Randy, there are (so far as I know) just a few authors who wrote mostly or entirely in the vein of the antiquarian ghost story, such as James himself, A. N. L. Munby, and so on. Then there'd be authors who wrote some antiquarian ghost stories but also plenty of stories that wouldn't fit the definition. Russell Kirk would be an example.
Or take Lovecraft. It's a while since I read "The Shunned House," but I think that one might qualify as an antiquarian ghost story in the Jamesian sense. None of the "Cthulhu mythos" stories would, even though they may be loaded with antiquarian detail (e.g. "The Shadow Over Innsmouth").

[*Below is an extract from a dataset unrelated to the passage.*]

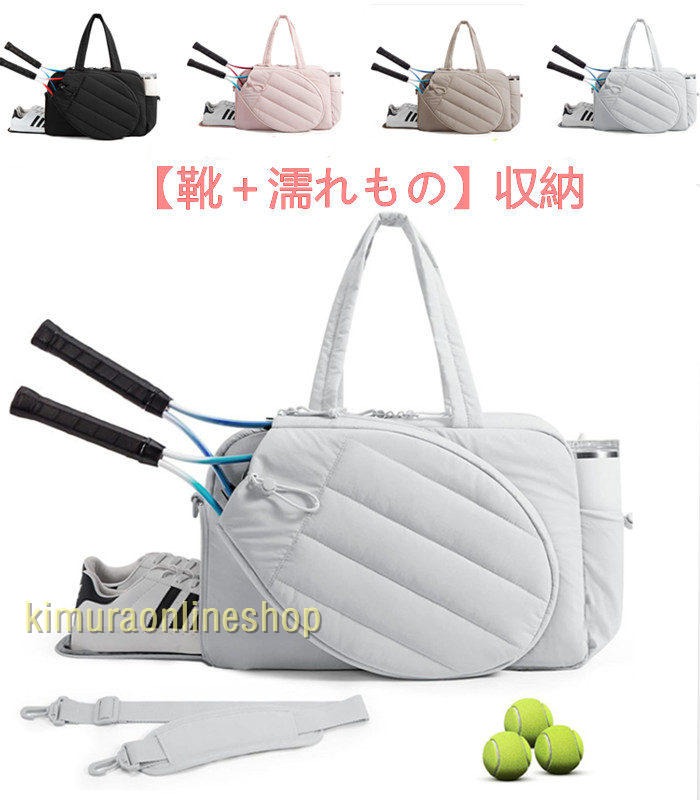 セット内容:ラケットバッグ（※他は商品に含まれません）カラー：カーキ グレー ピンク ブラック素材：撥水ナイロン★送料：送料無料注意事項：●pc、環境、光の具合等により、色のイメージが画像と若干異なる場合が御座います。●原則として返品・交換は受け付けておりません。商品に不良があった場合は、商品到着から7日以内にご連絡お願い致します●万が一切れや入荷待ちとなる場合は別途メールにてご連絡いたします。納期について：商品により、納期が異なりますため、商品の選択肢欄までご確認下さい。商品製作元：中国(チャイナ)?メーカー希望小売価格はメーカーカタログに基づいて掲載しています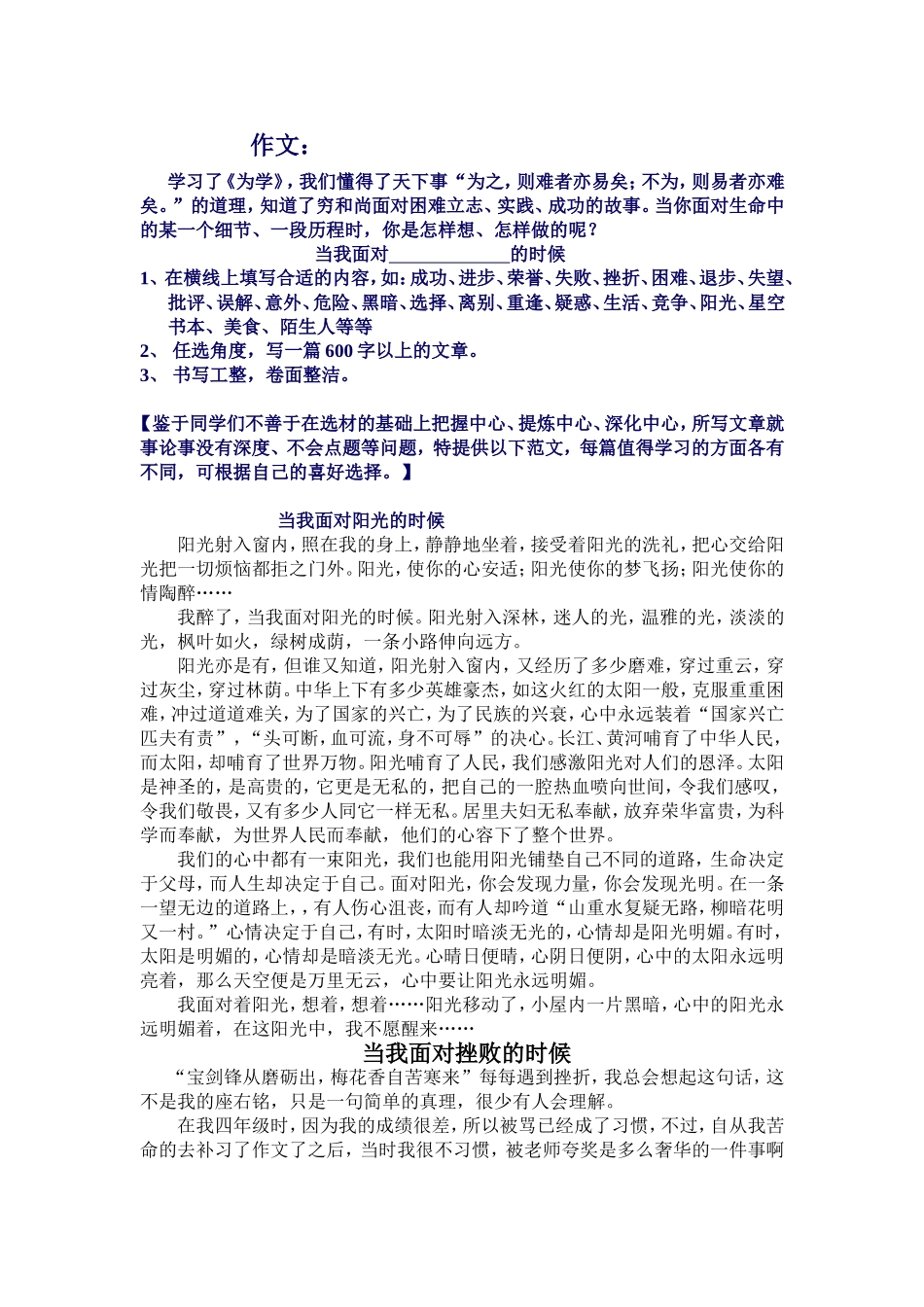 作文：当我面对——的时候(同名11604)_第1页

Hmm -- okay, I think we could say this:
To qualify as a Jamesian antiquarian ghost story, a story must
--have a pronounced element of engagement with the past, involving tangible vestiges thereof; these might include manuscripts, artifacts (e.g. a whistle);
--suggest that some degree of scholarly learning is necessary for such resolution of the story as is to occur;
--observe a degree of reticence -- a Jamesian antiquarian ghost story cannot wallow in gore, and will never go in for explicit sexual content;
--include a haunter. However, this haunter need not be the shade of a human being, and indeed typically will not be such.
This last point might be worth discussing. Specifically, though the haunter must not be a living human being, must it be a supernatural being?
I'm thinking of the haunters in the Quatermass story about eerie phenomena, in which it transpires at last that the creatures responsible are Martians. Does the "science fiction" resolution mean that this story can't qualify?
I wouldn't be too quick to admit it to the canon of Jamesian antiquarian ghost stories. No, the more I think of it, the more I would disqualify it. The story eventually settles on a naturalistic explaining-away of the supernatural. It proposes that the devil and demons -- or, at least, the popular notion of horned beings as devils, which admittedly isn't necessarily the same thing -- are due to the Martians. I forget the details, whether there's an element of "race memory," & "telepathy," etc.
I would answer my own question above by saying that, yes, the haunter must be a supernatural being of some sort. It might be something that can be exorcised; it might be an "animated" dead thing that can be settled into death; but it can't simply be a thing that can be shot dead (unless maybe with a silver bullet?).
But now I'm wondering if the 20th-century "Martian" phenomena in the Quatermass story aren't represented as being psychic residua. Can we squeak them back in as "quasi" (whatever that means) supernatural phenomena? Obviously I'd need to refresh my memory of the Quatermass story. I think, though, that in the end I'm going to say it doesn't qualify as a Jamesian antiquarian ghost story (JAGS), but rather may be described as a science fiction story that cleverly uses elements akin to those of the JAGS.
So perhaps the criteria above will work for identifying a given story as JAGS or not, provided "haunter" is taken as something that retains its uncanny quality and is, perhaps, in fact, not susceptible of being quite pinned down according to the categories of daily rational inquiry.